# Homework Help: Work of a Spring Derivation

1. Jan 29, 2013

### MrLiou168

1. The problem statement, all variables and given/known data
A spring with stiffness k and unstretched length L is stretched so the elongation is d = x2 - L. A force is applied to make the final length of the spring x2. What is the work done by the force in terms of d?

2. Relevant equations
W = F * d = F*dx
d = x2 - L
F = k*dx

3. The attempt at a solution
Assuming W = F*dx and F = k*dx, then I derived F = k(x2 - L) = k*d

And plugging F back into the work equation, I got W = (kd)*d which is W = kd^2.

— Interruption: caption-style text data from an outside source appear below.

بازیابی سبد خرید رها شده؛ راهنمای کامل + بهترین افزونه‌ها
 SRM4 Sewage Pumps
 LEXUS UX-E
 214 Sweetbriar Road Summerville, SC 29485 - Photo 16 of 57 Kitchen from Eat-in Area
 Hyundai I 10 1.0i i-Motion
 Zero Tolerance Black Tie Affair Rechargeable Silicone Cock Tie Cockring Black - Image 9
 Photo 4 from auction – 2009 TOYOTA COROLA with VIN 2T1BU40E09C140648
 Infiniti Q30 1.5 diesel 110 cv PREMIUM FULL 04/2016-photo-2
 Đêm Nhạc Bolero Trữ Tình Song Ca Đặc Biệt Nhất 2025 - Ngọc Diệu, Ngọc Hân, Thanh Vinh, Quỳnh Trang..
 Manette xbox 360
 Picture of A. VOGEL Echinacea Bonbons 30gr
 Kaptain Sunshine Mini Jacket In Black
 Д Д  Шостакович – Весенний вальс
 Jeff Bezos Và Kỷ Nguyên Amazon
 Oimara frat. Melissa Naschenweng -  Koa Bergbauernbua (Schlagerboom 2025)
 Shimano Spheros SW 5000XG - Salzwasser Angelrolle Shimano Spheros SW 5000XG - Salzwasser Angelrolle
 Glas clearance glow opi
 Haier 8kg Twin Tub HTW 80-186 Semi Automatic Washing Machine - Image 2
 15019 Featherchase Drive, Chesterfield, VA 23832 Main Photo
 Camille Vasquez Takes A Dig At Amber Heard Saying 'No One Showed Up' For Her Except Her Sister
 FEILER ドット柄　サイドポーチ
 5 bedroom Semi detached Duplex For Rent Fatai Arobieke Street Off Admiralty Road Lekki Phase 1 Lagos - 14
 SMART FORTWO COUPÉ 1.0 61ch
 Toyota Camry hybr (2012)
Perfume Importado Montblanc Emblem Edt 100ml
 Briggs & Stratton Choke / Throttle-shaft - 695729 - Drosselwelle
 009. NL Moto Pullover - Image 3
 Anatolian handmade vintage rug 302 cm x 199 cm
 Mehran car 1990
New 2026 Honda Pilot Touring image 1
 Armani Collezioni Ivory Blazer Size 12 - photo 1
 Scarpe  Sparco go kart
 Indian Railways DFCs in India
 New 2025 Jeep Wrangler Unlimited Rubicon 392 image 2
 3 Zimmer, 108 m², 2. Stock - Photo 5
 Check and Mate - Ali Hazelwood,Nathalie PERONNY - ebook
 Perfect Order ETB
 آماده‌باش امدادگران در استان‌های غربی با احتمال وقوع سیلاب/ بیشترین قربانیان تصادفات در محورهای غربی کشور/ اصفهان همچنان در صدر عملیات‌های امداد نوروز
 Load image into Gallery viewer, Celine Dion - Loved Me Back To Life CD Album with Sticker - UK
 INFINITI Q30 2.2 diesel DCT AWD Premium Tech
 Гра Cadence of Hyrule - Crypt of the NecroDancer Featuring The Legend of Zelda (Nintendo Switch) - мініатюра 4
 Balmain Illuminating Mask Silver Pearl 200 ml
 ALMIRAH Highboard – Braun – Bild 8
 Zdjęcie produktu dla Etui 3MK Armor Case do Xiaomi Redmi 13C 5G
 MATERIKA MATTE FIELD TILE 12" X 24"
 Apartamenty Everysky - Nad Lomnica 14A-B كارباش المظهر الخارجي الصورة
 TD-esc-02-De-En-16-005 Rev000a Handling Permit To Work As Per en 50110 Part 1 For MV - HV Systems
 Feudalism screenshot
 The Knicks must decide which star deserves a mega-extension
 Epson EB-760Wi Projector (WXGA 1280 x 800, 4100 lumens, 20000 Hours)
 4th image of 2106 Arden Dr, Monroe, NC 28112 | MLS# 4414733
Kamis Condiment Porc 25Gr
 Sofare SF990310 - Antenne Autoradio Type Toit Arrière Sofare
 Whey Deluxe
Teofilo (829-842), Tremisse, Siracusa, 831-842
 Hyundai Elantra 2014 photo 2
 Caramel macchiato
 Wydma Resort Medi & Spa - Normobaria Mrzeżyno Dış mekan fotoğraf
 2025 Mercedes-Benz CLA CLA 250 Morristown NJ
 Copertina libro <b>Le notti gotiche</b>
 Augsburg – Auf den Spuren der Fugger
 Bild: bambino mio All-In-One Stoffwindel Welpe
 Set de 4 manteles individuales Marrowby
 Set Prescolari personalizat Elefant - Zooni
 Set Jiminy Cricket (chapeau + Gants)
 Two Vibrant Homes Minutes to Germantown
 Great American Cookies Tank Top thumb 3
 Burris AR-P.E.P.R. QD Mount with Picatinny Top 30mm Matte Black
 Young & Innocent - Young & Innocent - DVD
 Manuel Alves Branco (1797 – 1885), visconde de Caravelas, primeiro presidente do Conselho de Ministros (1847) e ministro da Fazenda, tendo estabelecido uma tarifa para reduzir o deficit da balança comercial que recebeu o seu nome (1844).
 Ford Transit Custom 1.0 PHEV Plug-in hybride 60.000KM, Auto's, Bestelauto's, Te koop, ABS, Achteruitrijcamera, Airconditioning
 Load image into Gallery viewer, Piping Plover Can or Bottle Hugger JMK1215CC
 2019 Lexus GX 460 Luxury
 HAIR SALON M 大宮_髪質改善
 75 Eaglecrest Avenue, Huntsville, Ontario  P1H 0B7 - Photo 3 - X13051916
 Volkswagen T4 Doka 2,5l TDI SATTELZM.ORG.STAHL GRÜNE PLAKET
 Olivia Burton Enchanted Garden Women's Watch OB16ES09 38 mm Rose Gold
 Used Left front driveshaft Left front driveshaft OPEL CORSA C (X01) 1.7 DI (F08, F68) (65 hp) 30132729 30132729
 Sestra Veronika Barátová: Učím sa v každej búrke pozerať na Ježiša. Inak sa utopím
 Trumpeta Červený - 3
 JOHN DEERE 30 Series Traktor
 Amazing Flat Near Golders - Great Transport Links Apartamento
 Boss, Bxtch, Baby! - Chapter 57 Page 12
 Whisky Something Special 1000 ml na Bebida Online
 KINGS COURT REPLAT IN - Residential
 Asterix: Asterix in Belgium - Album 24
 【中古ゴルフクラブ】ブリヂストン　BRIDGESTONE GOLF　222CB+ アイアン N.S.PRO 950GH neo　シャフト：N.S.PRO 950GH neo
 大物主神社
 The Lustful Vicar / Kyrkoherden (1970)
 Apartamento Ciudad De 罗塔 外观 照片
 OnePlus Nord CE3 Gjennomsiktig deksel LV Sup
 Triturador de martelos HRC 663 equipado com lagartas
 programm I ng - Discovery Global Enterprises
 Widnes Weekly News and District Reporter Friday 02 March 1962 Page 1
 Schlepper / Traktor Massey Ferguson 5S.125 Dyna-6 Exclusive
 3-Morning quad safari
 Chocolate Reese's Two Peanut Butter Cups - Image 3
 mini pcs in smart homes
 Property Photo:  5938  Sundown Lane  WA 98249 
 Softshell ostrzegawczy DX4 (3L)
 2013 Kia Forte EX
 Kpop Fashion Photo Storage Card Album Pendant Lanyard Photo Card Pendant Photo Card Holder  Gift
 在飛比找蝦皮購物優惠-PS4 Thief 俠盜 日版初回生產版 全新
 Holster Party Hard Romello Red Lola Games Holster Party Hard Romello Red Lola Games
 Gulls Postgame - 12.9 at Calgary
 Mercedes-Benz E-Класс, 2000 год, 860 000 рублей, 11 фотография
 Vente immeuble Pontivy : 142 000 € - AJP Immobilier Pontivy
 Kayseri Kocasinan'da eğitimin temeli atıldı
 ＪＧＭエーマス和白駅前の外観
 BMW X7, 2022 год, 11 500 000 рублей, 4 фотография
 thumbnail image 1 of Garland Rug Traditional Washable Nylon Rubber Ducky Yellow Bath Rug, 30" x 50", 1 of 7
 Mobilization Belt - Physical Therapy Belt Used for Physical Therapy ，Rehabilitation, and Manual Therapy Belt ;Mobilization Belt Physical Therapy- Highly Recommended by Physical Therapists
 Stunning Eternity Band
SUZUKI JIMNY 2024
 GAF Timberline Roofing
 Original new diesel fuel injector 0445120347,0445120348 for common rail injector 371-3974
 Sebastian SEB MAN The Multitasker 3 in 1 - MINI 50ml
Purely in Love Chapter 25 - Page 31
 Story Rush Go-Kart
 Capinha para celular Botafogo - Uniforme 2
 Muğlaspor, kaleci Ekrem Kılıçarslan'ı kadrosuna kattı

However, isn't the actual equation for work done by a spring W = (kx^2)/2? I can't seem to find where I missed the factor of 1/2. Any help greatly appreciated!

2. Jan 29, 2013

### Staff: Mentor

You assumed in your derivation that the force was constant and equal to its maximum value. Not so. As the spring is stretched, the force starts at zero and only reaches k*d at its full extension.

3. Jan 29, 2013

### MrLiou168

Thanks Doc. So in this case would I simply integrate to find W? As in W = integral (F*dx)

and then W = integral(kxdx) = (kd^2)/2 ...?

4. Jan 29, 2013

Exactly.